To speak to Peter's questions and VSD's irony, linguistically, the concept of "ownership" began with individual possession and control. The idea that the village or the king "owns" you came much later. That is not the same thing as saying that you "belong to" a tribe in the same sense that apples belong to the class of objects called fruit. We discussed here before "The Success of the WEIRD People" (Western, educated, industrialized, rational, democratic). (On RoR here and here; on my blog more fully here.) A project of ten teams of anthropologists went out into marginalized ("primitive") societies and administered standard survey instruments to gauge their attitudes. We are special. But among the ranges of other behaviors, they found a tribe where hunters bring home the prey to share but also at least one where hunters come back after dark so that they do not have to share. The point is that whatever we find now may or may not be how these people always were. Likely, they were not. From your grandfather to your grandchild is five generations. That is the limit of verbal knowledge.
Note, however, also, that these Bima peoples apparently had writing about the 15th century, at least. Moreover, they established a commercial hegemony of their own before being overthrown by the Dutch c. 1617. You cannot have maritime commerce without sophisticated concepts of ownership, property, and justice.

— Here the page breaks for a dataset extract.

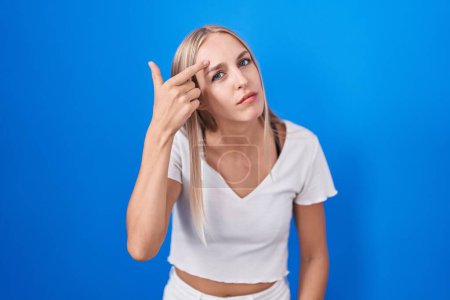 Foto de Young caucasian woman standing over blue background pointing unhappy to pimple on forehead, ugly infection of blackhead. acne and skin problem - Imagen libre de derechos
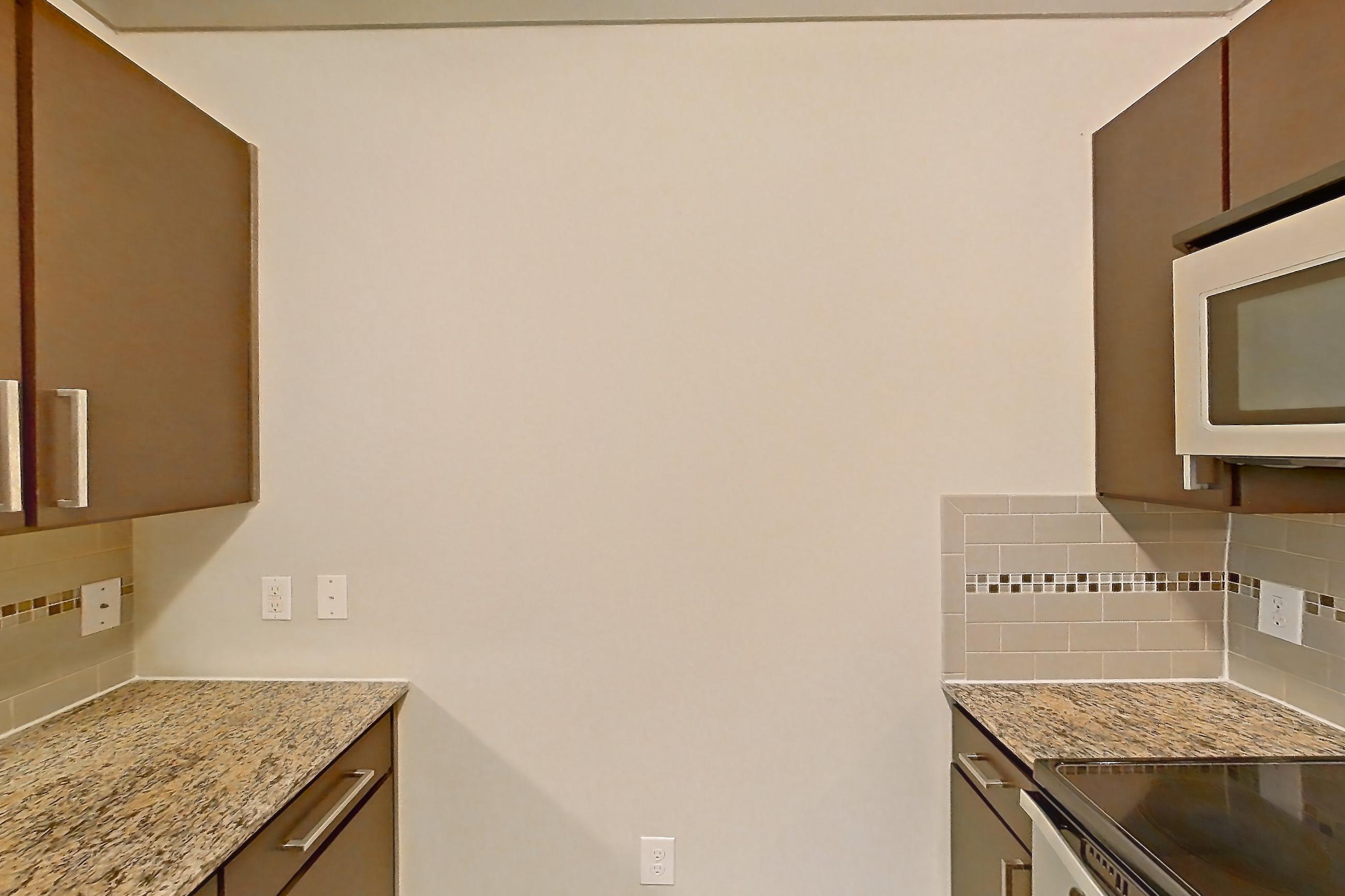 Kitchen with dishwasher, electric range, light stone countertops, light wood-finish flooring, microwave, oven/range, refrigerator, and stainless steel appliances, Apartment 1314 at Marquis Seven Meadows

Also, while it does seem to contravene our expectations for objective law, it is not unknown in our society. It is called plea bargaining. Some Objectivists call for a "continental" or "civil law" society: the legislature defines the laws in excruciating detail. The purpose of the court is to see if the case fits the law. You killed my dog, but there is no law against killing dogs, so you go free. In the English system of bench-made law, the judge (with jury) is an adjudicator who discovers whether and to what extent the law fits the case. You killed my dog -- and in so doing, you violated my right to property; and there is a law against that. Whether plea bargaining would be allowed in an Objectivist society is an interesting question.